» **SUPPLIED DATA**:
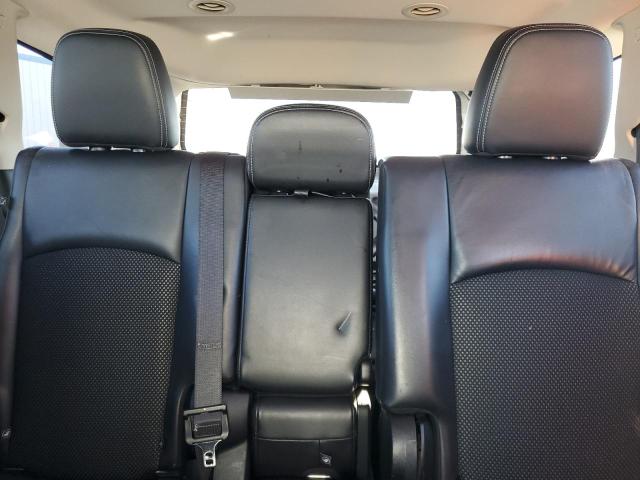 2018 DODGE JOURNEY CR 3C4PDDGG2JT311799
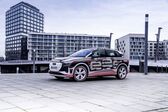 Audi Q4 e-tron 2021 - present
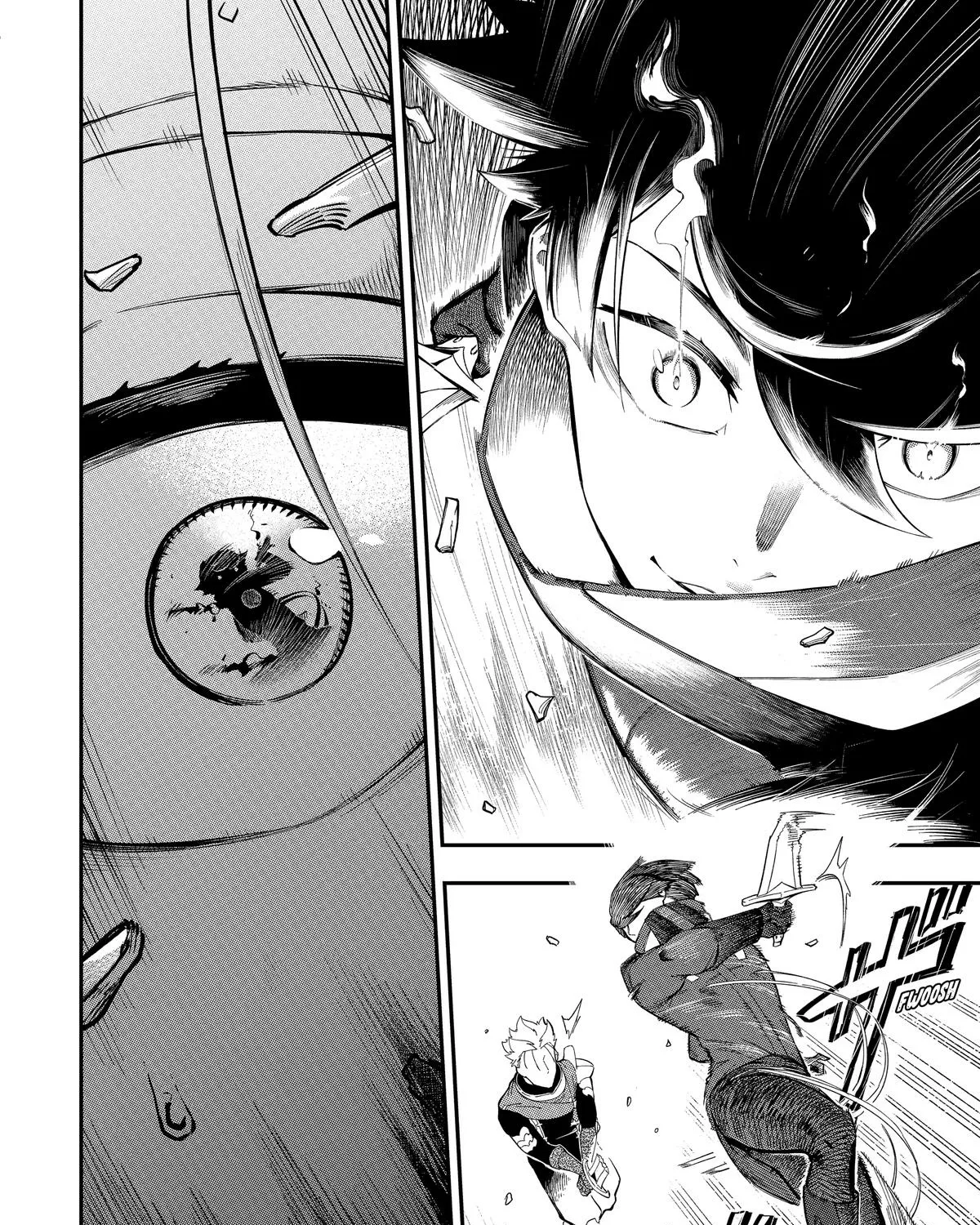 Strongest in the World with Assassination Skill — Chapter 5 — Page 55
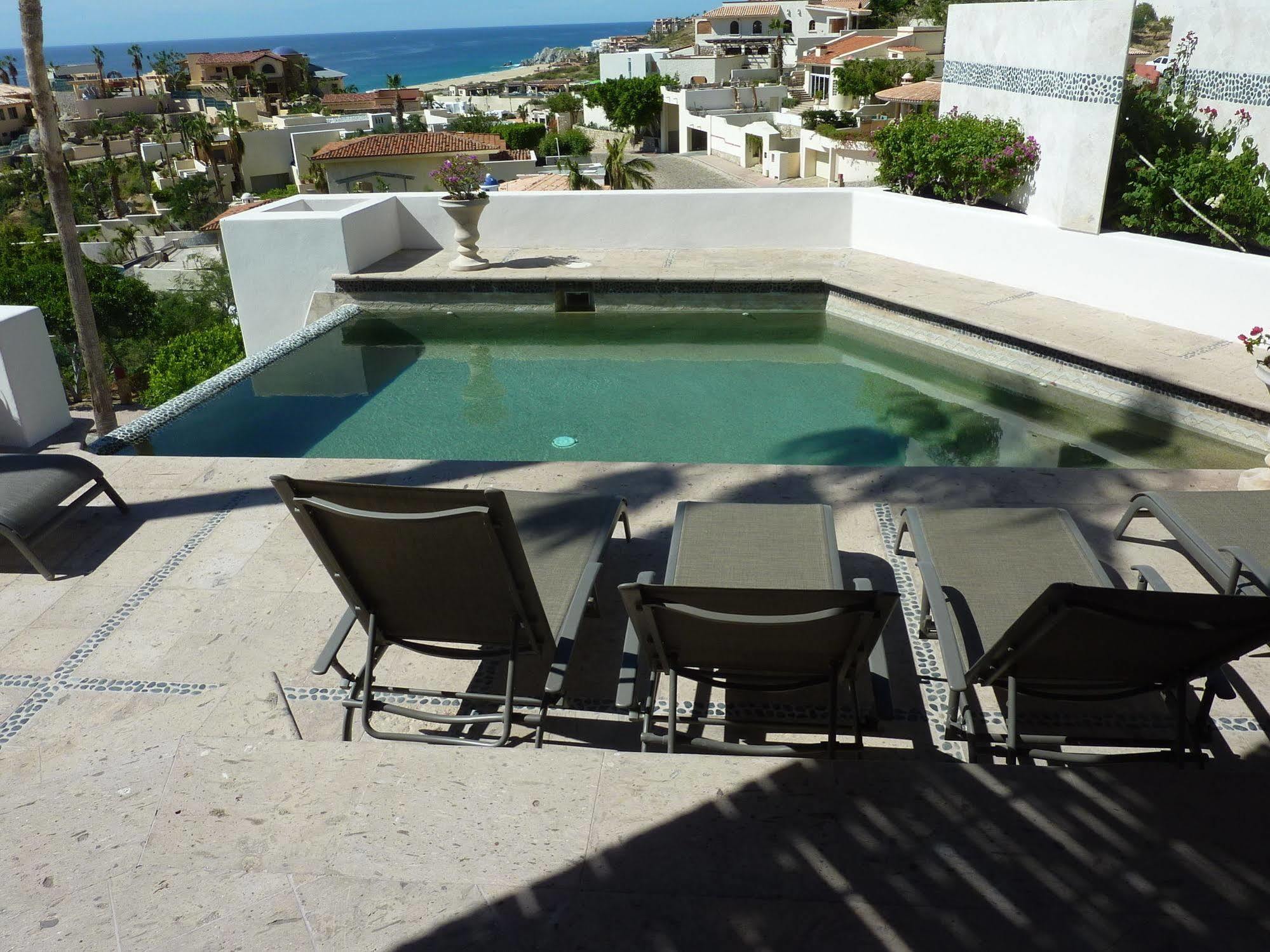 Villa Del Sol Κάβο σαν Λούκας Εξωτερικό φωτογραφία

» **YOUR OBJECTIVE**: An exact, word-for-word version of the material is required, free of pictures.

» **ANSWER TO THIS PROBLEM**:
 2018 DODGE JOURNEY CR 3C4PDDGG2JT311799
 Audi Q4 e-tron 2021 - present
 Strongest in the World with Assassination Skill — Chapter 5 — Page 55
 Villa Del Sol Κάβο σαν Λούκας Εξωτερικό φωτογραφία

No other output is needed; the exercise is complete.